* WHAT IS NEEDED: From the material below, retype exactly the lines that begin at the line with "Indigo Rd. Izador" and end after the line with "Property Slideshow image"; pictures stay out of the copy.

* THE DATA:
--

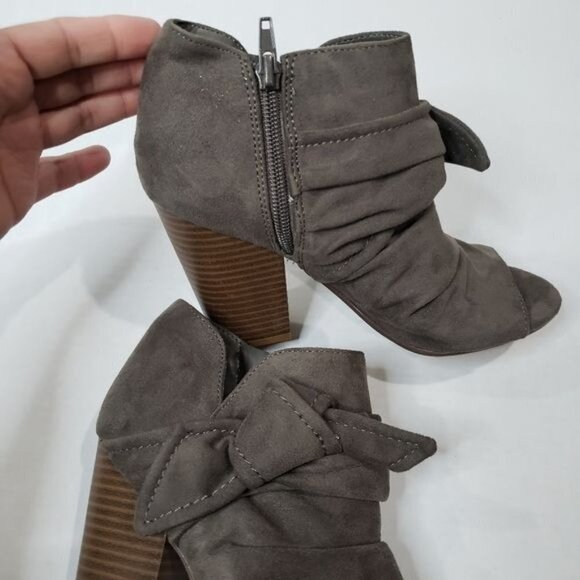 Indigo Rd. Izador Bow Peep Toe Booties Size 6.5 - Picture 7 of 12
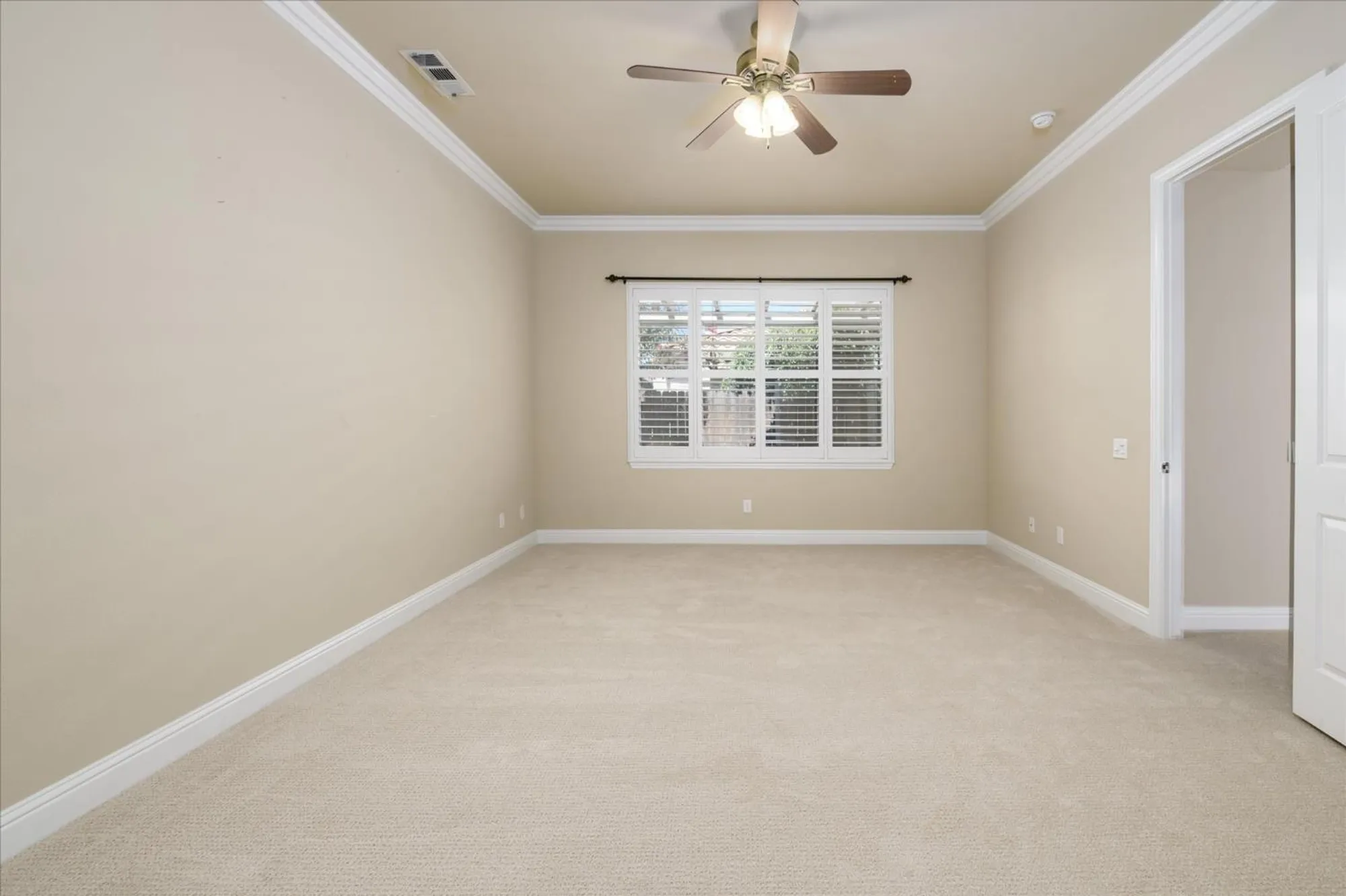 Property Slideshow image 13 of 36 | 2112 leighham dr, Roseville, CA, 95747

--

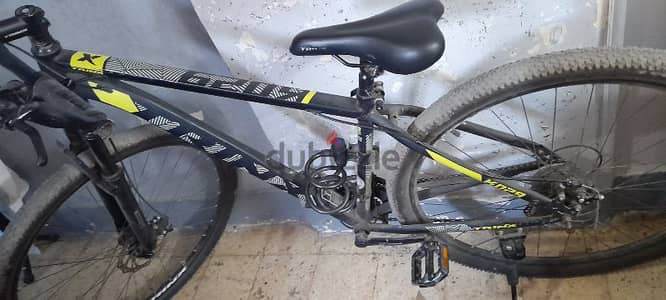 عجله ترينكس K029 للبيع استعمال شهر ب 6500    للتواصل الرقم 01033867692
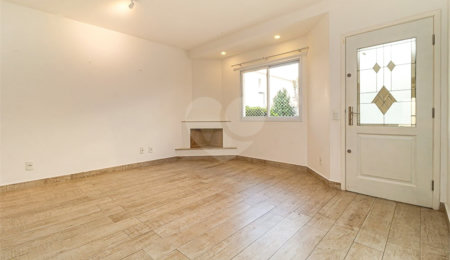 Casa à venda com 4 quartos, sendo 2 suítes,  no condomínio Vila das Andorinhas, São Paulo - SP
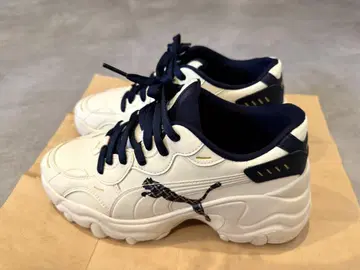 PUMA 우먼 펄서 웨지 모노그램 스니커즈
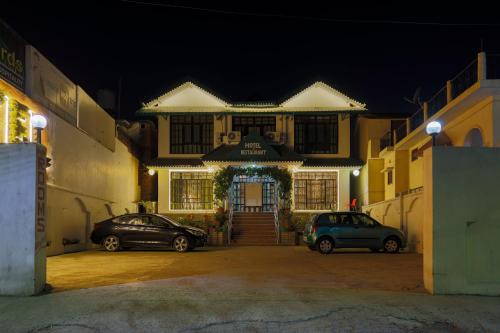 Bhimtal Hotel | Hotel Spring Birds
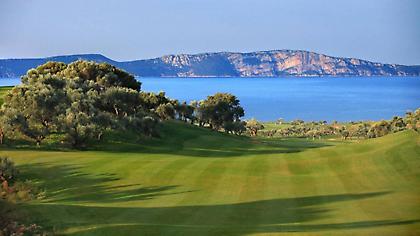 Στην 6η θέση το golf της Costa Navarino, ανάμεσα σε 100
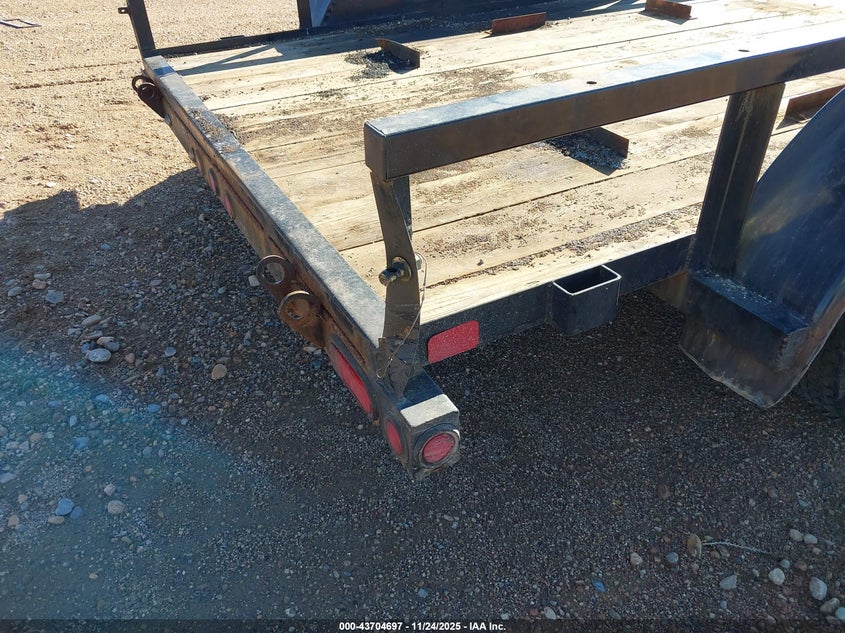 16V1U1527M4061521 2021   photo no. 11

--

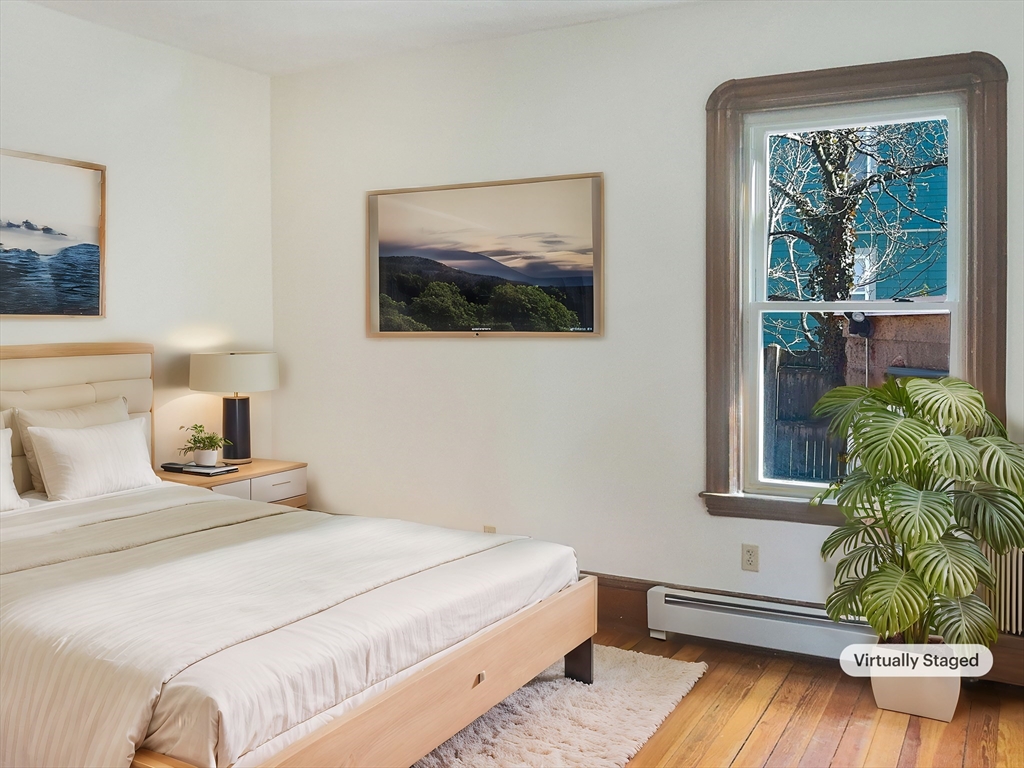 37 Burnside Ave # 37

--

* OUTPUT BELOW:
 Indigo Rd. Izador Bow Peep Toe Booties Size 6.5 - Picture 7 of 12
 Property Slideshow image 13 of 36 | 2112 leighham dr, Roseville, CA, 95747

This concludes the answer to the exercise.